Day Seven: The Arava Valley
Day Six: Kibbutz Lotan
After our meeting with the minister, we suffered rush-hour traffic one more time, fought our way out of Tel Aviv and headed south, past Beer-Sheva (where years ago I visited the market, bought a keffiyeh like the typical young tourist, and later saw several Bedouin men running beside my bus, laughing and shouting, “Arafat! Arafat!”) and, as night fell, descended off the plateau of Negev Desert and down into the Arava Valley. We dropped our bags in a guest room at Kibbutz Lotan and then woke the next morning for breakfast and a tour of the kibbutz’s innovative eco-education facilities.
Netta, a resident (but not a member), gave us a brief history of Lotan, and then led us to the Bustan, the student quarters where she also lives—a series of energy-efficient mud-covered straw-bale huts, like earthen igloos or Luke Skywalker’s home on Tatooine. We tried out some of the solar ovens and then walked to the Ecokef, a demonstration park and teaching area, with a cool playground made up of clayed-over garbage, composting toilets and an organic garden, where we plundered tea leaves and the last of their tomatoes. “Permaculture is my religion,” Netta told us. And it’s here on Lotan (where members also practise Reform Judaism) that newcomers get initiated into this philosophy of living lightly on the land.
After lunch, we hooked up with Alex Cicelsky, the director of research and development at Lotan’s Center for Creative Ecology, and had a long, wide-ranging and engaging conversation about the history of this unique kibbutz, its mix of spiritual and ecological philosophies (an environmental spin on tikkun olan), the challenges of building eco-friendly buildings, and other topics related to how ecological literacy has sprouted out of the communal life of Lotan. He invited us to the kabalat shabat ceremony later that evening and for Friday night dinner, where we met some of the students and volunteers. The song and prayer and shared meal helped us appreciate the melding of spiritual and communal life in this fascinating desert community.
The only disappointment of the day? The sign on the gate to the swimming pool: “Closed due to sandstorm.”
Day Five: Tel Aviv
Coming up: A consciousness-expanding journey into the desert…
Day Four: Jaffa and Beit Shemesh
Sadaka-Reut
We gave ourselves more time and fought our way through the traffic jam on the main highway. This time we arrived a half0hour early to our destination: the Sadaka Reut organization near the Old City. There, we met with Lena and Jawad, both 19, and Jewish-Israeli and Palestinian respectively.
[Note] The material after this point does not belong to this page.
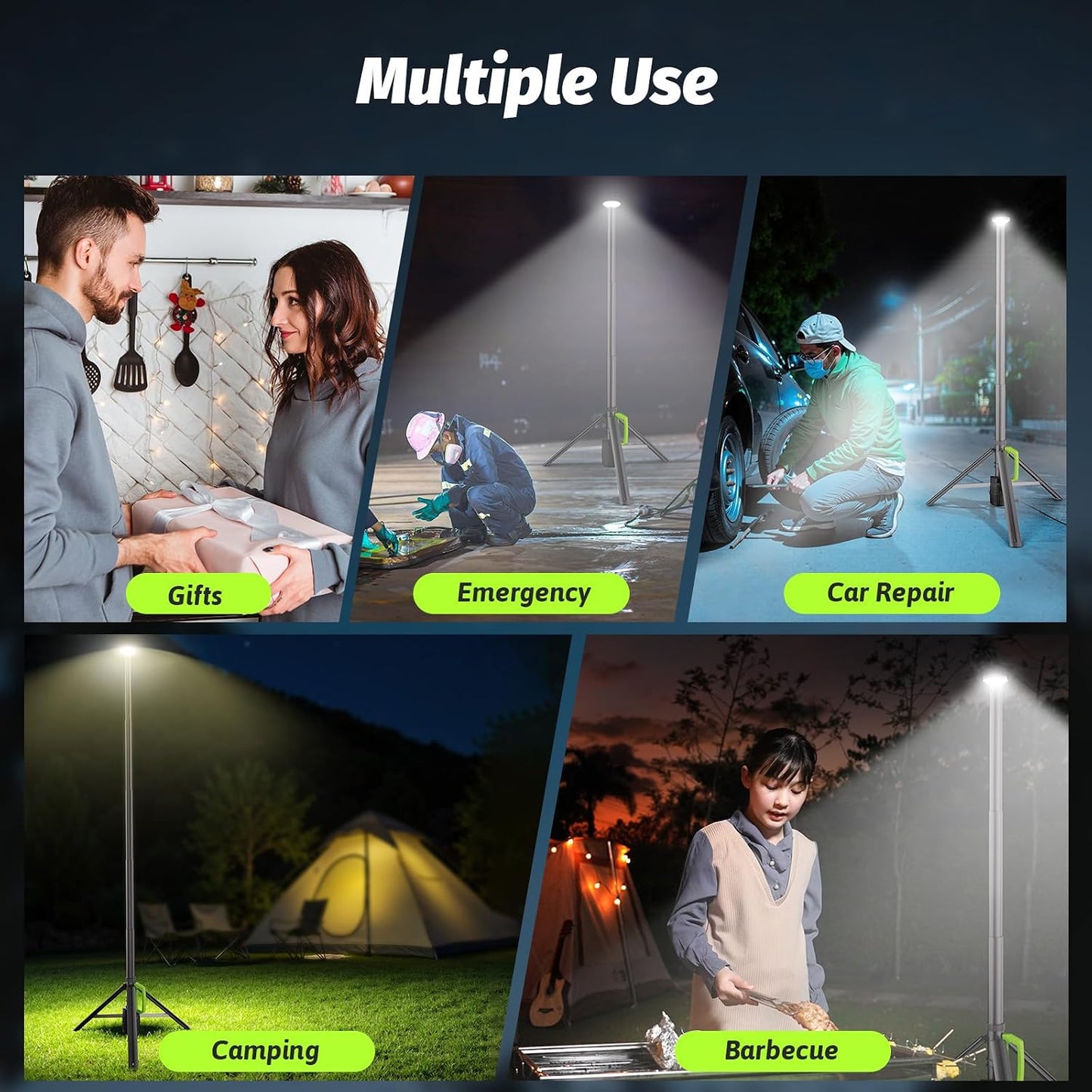Tresda Rechargeable Telescopic Camping Light, 8.4FT LED Work Light with Tripod Stand & Remote Control, 3000LM Super Bright, 3 Color Temps, Portable Tripod Lights for Outside, Sports, Emergency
They’ve been living together with six other young people as part of “The Commune”, a one-year experiment in co-existence and co-operation. (Imagine “The Real World: Israel” with less binge-drinking, fewer cameras and way more political activism.”) They are amazingly passionate individuals doing impressive activities; every month they collectively organize a political or educational act: erasing racist graffiti, protesting house demolitions, producing educational videos about Gaza.
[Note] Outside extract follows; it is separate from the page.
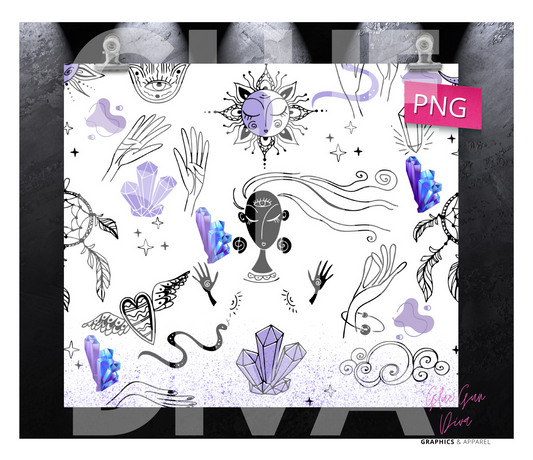 Purple Crystals - Digital tumbler wrap for 20 oz skinny straight tumbler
Jaffa can be a tough neighbourhood, we’d heard, and we saw evidence of that after leaving Sadaka Reut. Several police cars and ambulances had stopped by a house, and an Arab woman was crying on the sidewalk. Attendants with stretchers rushed through a door. We asked a nearby parking lot attendant what had happened. “There was a shooting,” he shrugged. “Someone got hit.” Time to get out of Jaffa.
Kibbutz Tamuz
After a swim at Neve Shalom, we drove to the town of Beit Shemesh and visited Kibbutz Tamuz—an urban kibbutz, which I’d heard so much about last year but had yet to see in person. There, Yiftah Goldman, one of the members, showed us around and gave us a history of the community, which combines urban co-housing and communal economics with a sense of social purpose. Tamuz has struggled recently, however, as Beit Shemesh has become an increasingly ultra-Orthodox town; these new religious residents have been resistant to cooperating with the Tamuz residents in the types of social projects that drew them to the city in the first place. That said, Tamuz looks like a wonderful place to raise a family, amongst close friends, with an open green space where residents gather and talk as the sun goes down. Again, we left with our heads full of new ideas and new ways of living.